An exact copy of the listing below is the answer, with the pictures removed.

**Exercise data**
★ ★ ★ ★
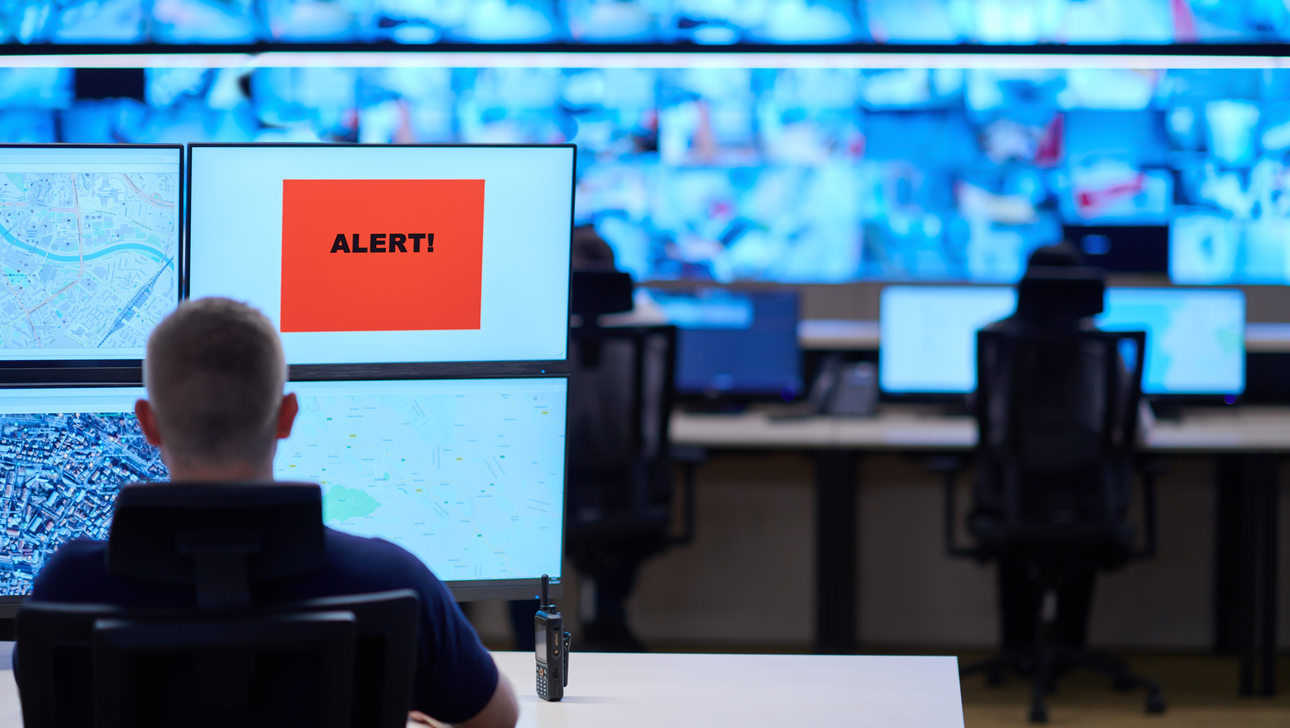 Male security operator working in a data system control room offices Technical Operator.jpg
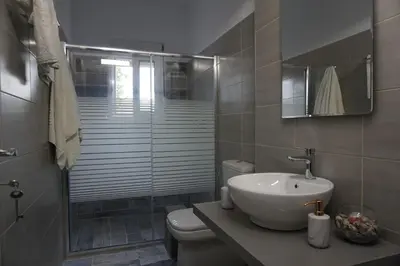 a bathroom with a toilet and a sink and a shower at Nicholas Waves Beach Studios in Lardos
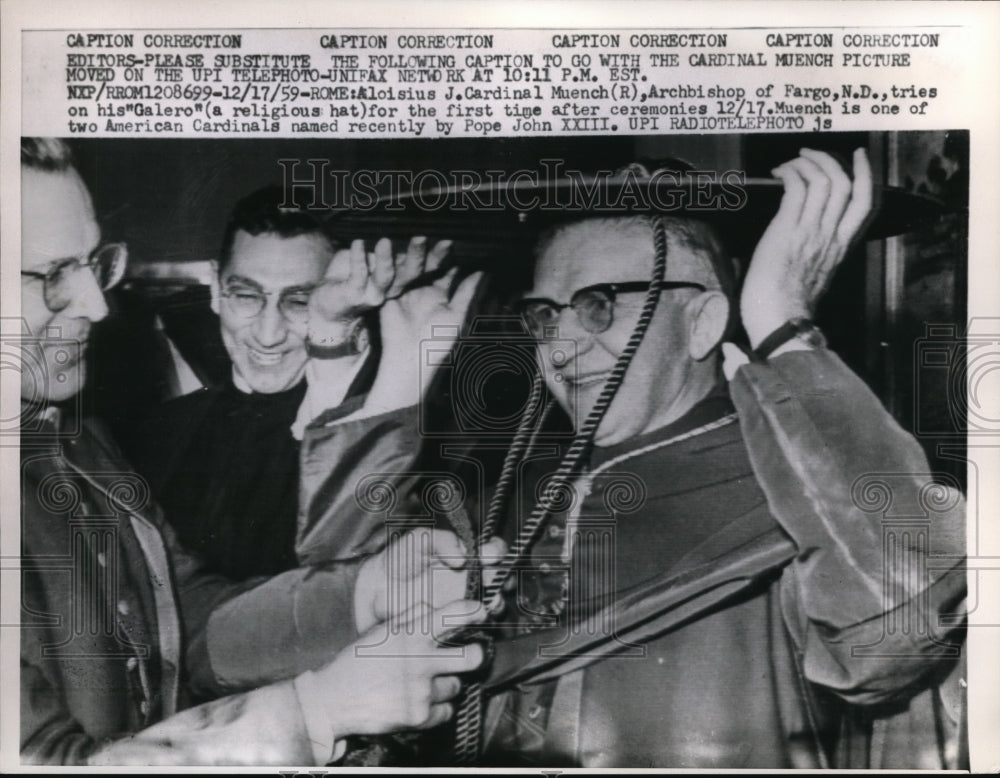 1959 Press Photo A.J.C. Muench, Archbishop of Fargo, tries on "Galero"
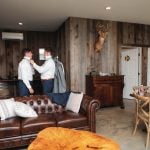 Two men, dressed in wedding attire, candidly putting on their ties in a living room at the Fleetwood Farm Winery.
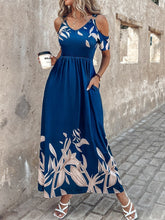Close-up of a woman highlighting the pocket and cold shoulder details of the Navy Blue Serene Xymeraeh™ Maxi Dress while holding a takeaway coffee cup.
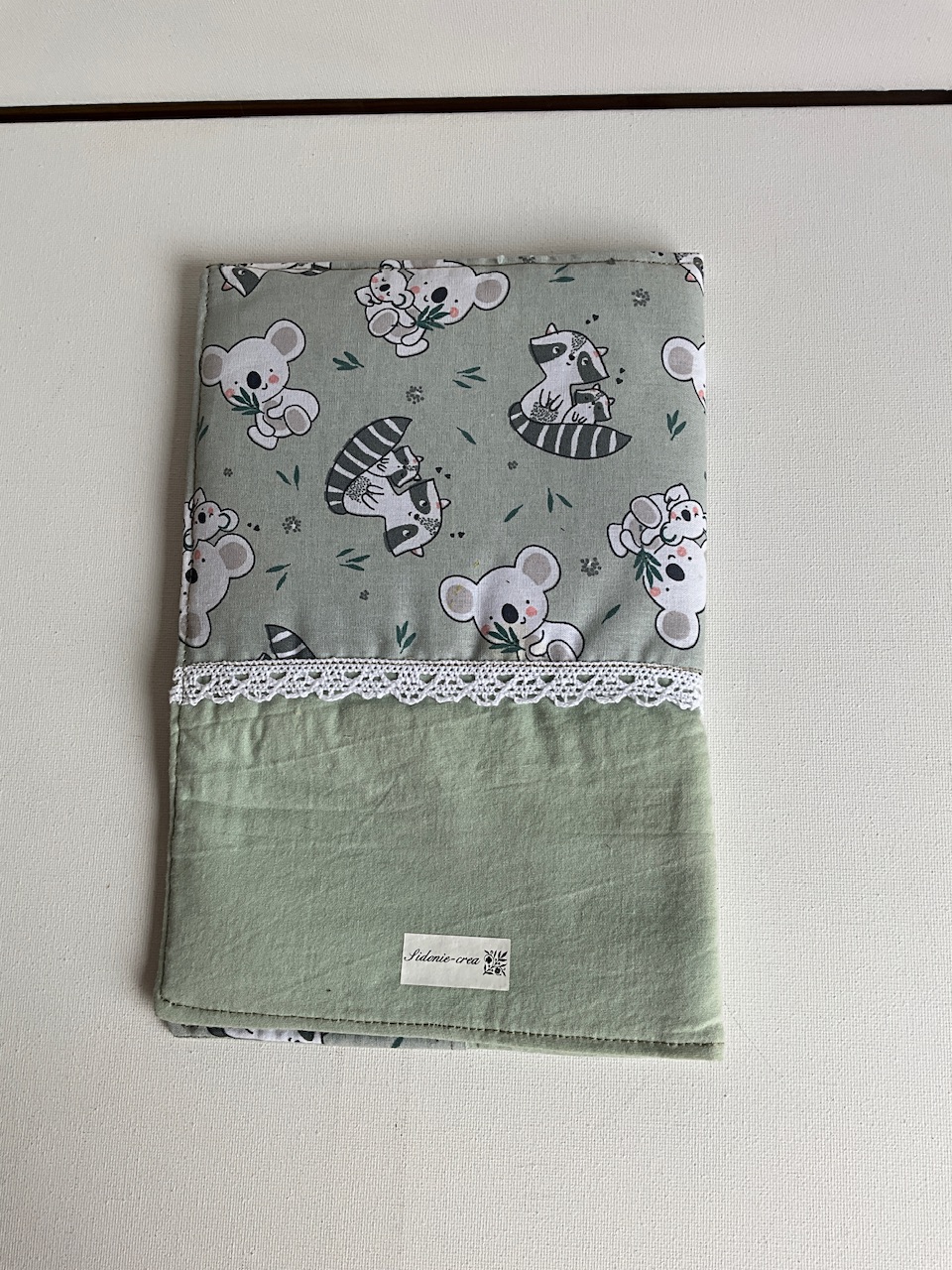 Dos du protège carnet de santé bébé en coton imprimé koalas et ratons laveurs avec bande vert sauge, cousu main dans l’Oise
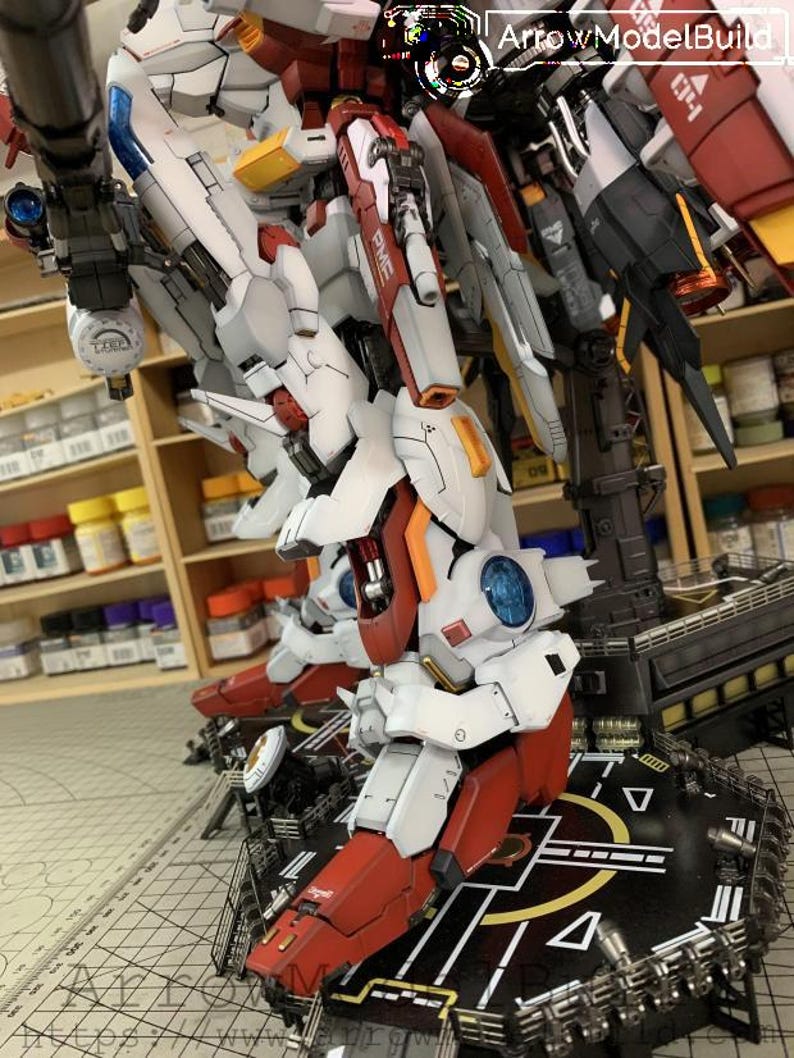 Puede incluir: Modelo detallado y ensamblado de un robot con armadura blanca, roja y gris. El modelo presenta intrincados detalles mec&aacute;nicos, incluyendo articulaciones y accesorios de armas. El robot est&aacute; posado sobre una plataforma negra con marcas blancas.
★ ★ ★ ★
**Task answer**
 Male security operator working in a data system control room offices Technical Operator.jpg
 a bathroom with a toilet and a sink and a shower at Nicholas Waves Beach Studios in Lardos
 1959 Press Photo A.J.C. Muench, Archbishop of Fargo, tries on "Galero"
 Two men, dressed in wedding attire, candidly putting on their ties in a living room at the Fleetwood Farm Winery.
Close-up of a woman highlighting the pocket and cold shoulder details of the Navy Blue Serene Xymeraeh™ Maxi Dress while holding a takeaway coffee cup.
 Dos du protège carnet de santé bébé en coton imprimé koalas et ratons laveurs avec bande vert sauge, cousu main dans l’Oise
 Puede incluir: Modelo detallado y ensamblado de un robot con armadura blanca, roja y gris. El modelo presenta intrincados detalles mec&aacute;nicos, incluyendo articulaciones y accesorios de armas. El robot est&aacute; posado sobre una plataforma negra con marcas blancas.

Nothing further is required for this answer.